Madame Lola sorbió la sangre de la nariz.
—Qué iba a ser si no.
—Tú le dijiste a Didier que Calatrava no estaba muerto, que se había desestabilizado algo en el infierno porque él había escapado de allí y que eso era la causa de la Anomalía que está jodiéndolo todo, ¿verdad?
—Algo así. No me acuerdo bien. Pero todo esto yo no lo vi en el más allá; me lo contó un tipo que vino a verme. Estaba muy asustado y creía que todas las fuerzas oscuras del universo iban a por él. Yo no le había visto nunca. Me asaltó por la calle, me pidió consejo y me dijo que la culpa de todo la teníais Calatrava y tú, Hauzman.
—No me jodas. ¿Era un italiano? ¿Se llamaba Fabrizio?
—Sí. Era un italiano. Y sí, creo que ése era su nombre. En su momento me dio igual, no me creí nada y Didier me soltó una pasta por todas aquellas patrañas. Luego empezaron a pasar cosas.
—Calatrava me está mandando mensajes —dijo Franz—. Está atrapado en algún sitio. Tengo que encontrarle, seguro que él sabe algo de lo que está ocurriendo.
—Mi magia ya no es lo que era. Poco a poco he ido perdiendo facultades.
—Tus facultades siempre han sido una mierda —dijo Franz.

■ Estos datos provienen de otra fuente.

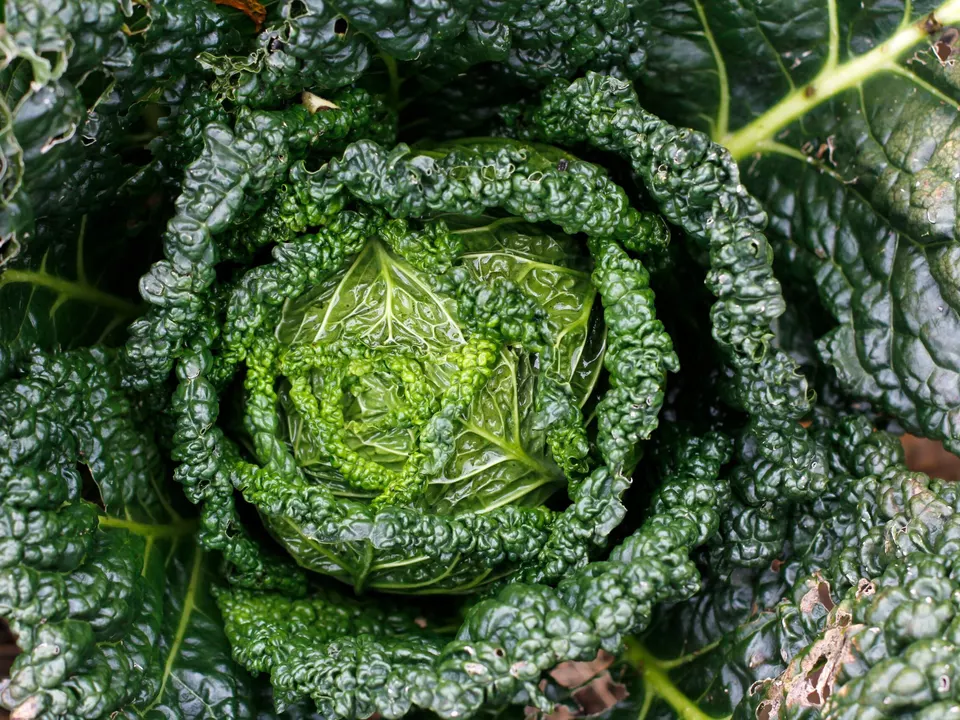 Federkohl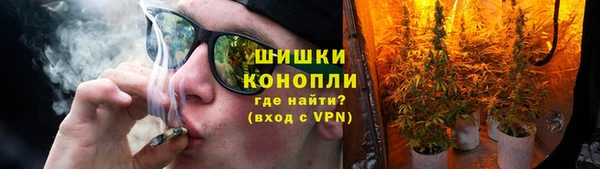 молекула духа Нягань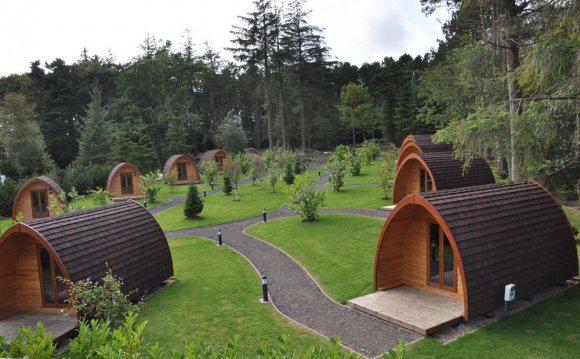 Falcon forest glamping north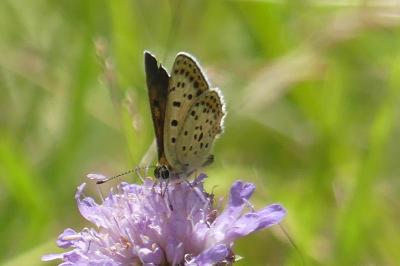 <i>Lycaena tityrus</i>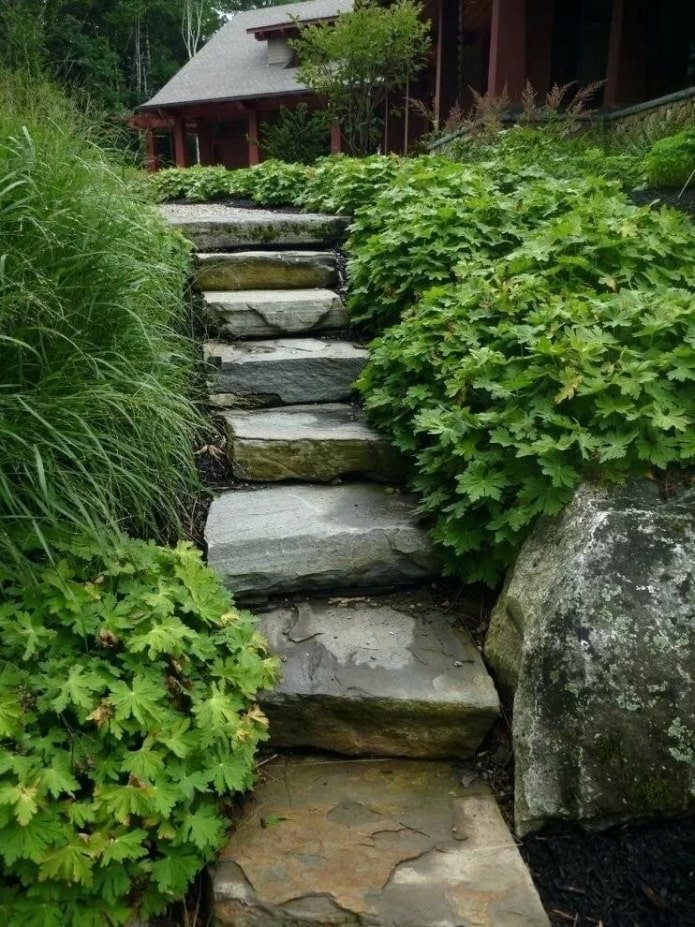 escaliers en pierre dans le jardin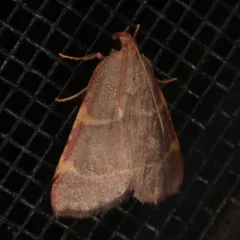 Pink-fringed Dolichomia Moth thumbnail 4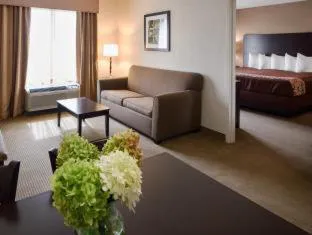 Best Western Suites hotel detail image 4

—He perdido casi toda mi visión sobrenatural. Necesitaría un objeto mágico, una corriente universal o algo así.
Franz buscó en sus bolsillos. Sacó las llaves del Jaguar y las puso sobre la mesa. La vieja las miró, pero no las hizo caso. Sacó a continuación el teléfono móvil que había encontrado en el aparcamiento de San Gimignano cerca del Hummer y también lo depositó en la mesa. La vieja lo cogió, tocó alguna tecla y éste emitió un pitido.
—¿Qué quieres que haga con esto? —y lo dejó de nuevo sobre la mesa.
Franz encontró las gafas de Brigitte.
—Toma. Esto servirá.
La bruja las cogió e inmediatamente abrió mucho los ojos.
—Vaya. ¿Son de una Mary Sue?
—Sí. De una bastante lograda.
Se las puso.
—Vaya —repitió.
—Vamos, no tengo todo el día.
Madame Lola estiró el brazo y apagó la luz.
—Empecemos.
Franz, en la penumbra, pudo ver cómo la bruja manipulaba la tabla de la ouija y alzaba las manos. Ésta dijo algún conjuro ridículo. Durante unos segundos no ocurrió nada.
Pero después la pieza de madera que había sobre la tabla crujió. Poco a poco, empezó a desplazarse chirriando.